So Fluctuating Meridians is an examination of lines, those that define, demarcate and divide, blend and enrich. Chattanooga is a vital tangle of these paths of information. These five artists explore separations and connections, unseating viewer’s presumptions so that we may reemerge, and fluctuate ourselves, disentangling the knot.
This exhibition will facilitate the examination of different questions asked across the US:
Who is and who is not American? Why is this question asked and should it be asked?
What cultural characteristics, geographic locations, environmental factors, histories, politics, etc. compose the individual, the group?
What is other? What is an outsider? An insider? And is assimilation a requirement for citizenship, belonging (or inclusion)?
What internal thresholds, affinities, erasures, censorships, and expressions take place in the construction of personal identity?
How do all of these questions manifest and affect the multiple consciousnesses of humyns not included within the narrow-normal?
For many, throughout the United States, are such amorphous borders a way of life, a mentality, and omnipresent psychology?
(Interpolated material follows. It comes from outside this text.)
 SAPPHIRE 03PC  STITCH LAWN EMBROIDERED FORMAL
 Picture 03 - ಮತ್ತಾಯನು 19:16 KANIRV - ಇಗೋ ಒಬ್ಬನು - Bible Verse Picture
The work of Erika Harrsch brings policy and people into the shared space of the gallery, relocating an ICE detention center for undocumented migrant youth from there to here. Her installation questions how do there-places exist in the collective imagination and what forces give form to our imaginings. Much like the real people, places, and things that order, wall, are abstractions. Harrsch’s facsimile proffers an environment that is neither real nor fake, a transitional space to witness and become detained; in body, in mind, and in solidarity.
Andrew O’Brien’s photographs are wayfinding devices. They are markers, celestial signatures that identify the final resting place of unidentified border-crossers overtaken by the extremes of their journey. Using a sextant, a maritime instrument, O’Brien conflates perspectives; that of the landscape, those traveling through it, gallery visitors, the artist, and the stars.
Peter Hoffecker Mejia designs repetitious constructions, cadenced and patternized, utilizing forms that shift as they are encountered. According to Claire Bishop, a prominent art historian, there is never a single perspective. In fact the perspective that art, particularly painting, was produced from antiquity to the present embodied the narrative proclivities of those in power; the European, male, overseer. Hoffecker-Mejia challenges the laminated voice of History and colonization. By Pete’s telling of his story and its mish-mash of experience, the stories of art’s origin are thrown into question and the boundary between what we know and what we don’t become that much more indeterminate.
Cognate Collective’s work fixates on the Mexico, United States border. The collaborative team of Amy Sanchez and Misael Diaz’s Cognates fixation agitates this geopolitical line, lifting it off the map and exploring the cartography of the social.